Uneven data distribution and table bloat  

Just like anything, Postgres partitioning also comes with some nuances. When working with partitioned tables, one must be wary of unbalanced data distribution among the partitions. A well-organized partitioning scheme ensures that data is evenly spread across partitions, but missteps in partition management (e.g., forgetting to create a new partition) can result in uneven data distribution, which has its own set of issues. (Another benefit of using hypertables as your partitioning method is that they avoid these issues from happening.) 

image

An example of uneven distribution in partitioned tables

If one partition becomes a hotspot because of uneven data distribution, it can lead to frequent updates or deletes within that specific partition. This can result in a disproportionate number of dead tuples in that partition compared to others, thus increasing bloat.

If data is unevenly distributed, certain partitions may be vacuumed more frequently, consuming more resources and potentially impacting performance. Conversely, underpopulated partitions might be vacuumed less frequently, letting them accumulate dead tuples over an extended period.

Uneven data distribution can also lead to a phenomenon similar to fragmentation. While it might not be bloated in the traditional sense of dead tuples occupying space, fragmented free space within partitions can be inefficient.

An overloaded partition might see frequent insertions and deletions, leading to free spaces scattered throughout. This can make it harder for PostgreSQL to effectively use this space for new data, causing the partition to grow in size unnecessarily.

Making things easier with hypertables 

To minimize the issues related to partition management and bloat, consider using Timescale's hypertables. You’ll no longer need to worry about the uneven distribution downsides laid out above. Since hypertables automatically create partitions (called “chunks'' in Timescale), we don't need to worry about forgetting to create partitions. Time-series data is also effective at fairly evenly distributing itself. Similarly, setting up a data retention policy is an excellent way to drop old chunks automatically, reducing the size of your database without table bloat issues.

In terms of reducing bloat in hypertables by fine-tuning autovacuum, you can apply different autovacuum considerations on a by-chunk basis. Chunks (partitions) are child tables under the hood and, therefore, can be configured independently, allowing you to add more aggressive autovacuum frequencies for those chunks with more frequent updates (e.g., most recent chunks).  

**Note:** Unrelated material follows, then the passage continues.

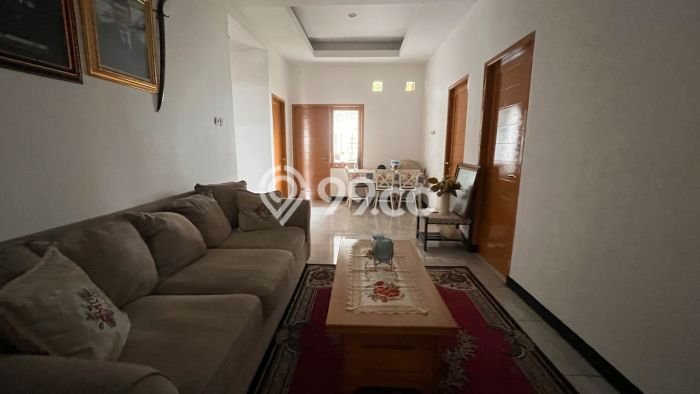 Rumah Luxury Modern Tanpa Renovasi di Graha Raya Tangerang Selatan Rumah Luxury Modern Tanpa Renovasi di Graha Raya Tangerang Selatan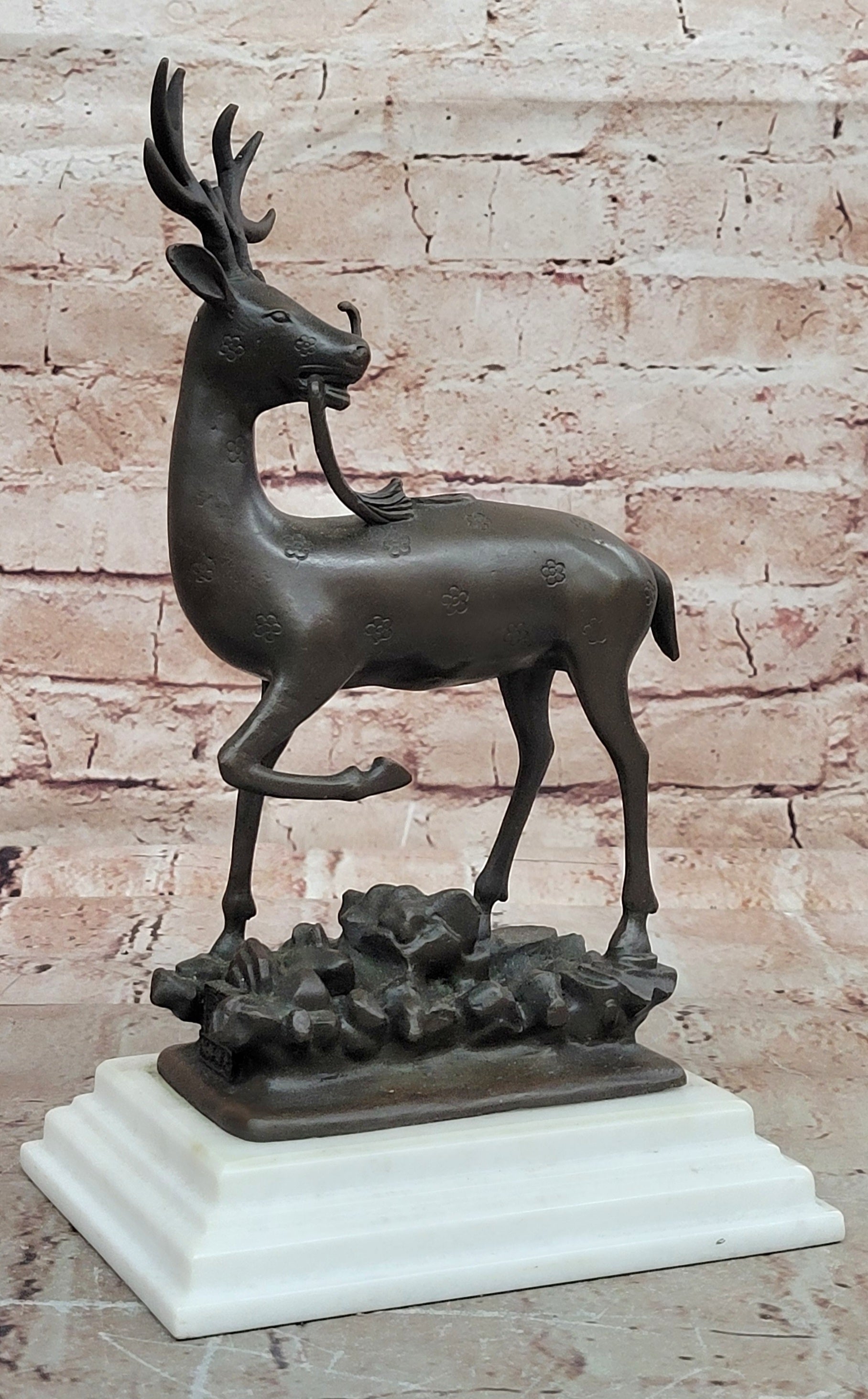 Collectible Figurines Bronze Deer Statues and Sculptures with Marble Base Animal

To do so, start by retrieving a list of all chunks associated with a hypertable. This will give you an overview of the chunks you might want to configure:

SELECT show_chunks('[hypertable_name]');

Once you have identified the chunks that require configuration adjustments, you can change the autovacuum settings for each chunk. The process is the same as changing configurations for individual tables in PostgreSQL—a.k.a. you can apply the advice we covered in the previous section: 

ALTER TABLE [chunk_name] SET (autovacuum_vacuum_cost_limit = 10000);

Conclusion

Table bloat, the often-unseen adversary of optimal PostgreSQL performance, can sneak up and eat up the efficiency of your large tables. By understanding how vacuum works and by fine-tuning your autovacuum parameters, you will be able to keep table bloat in check.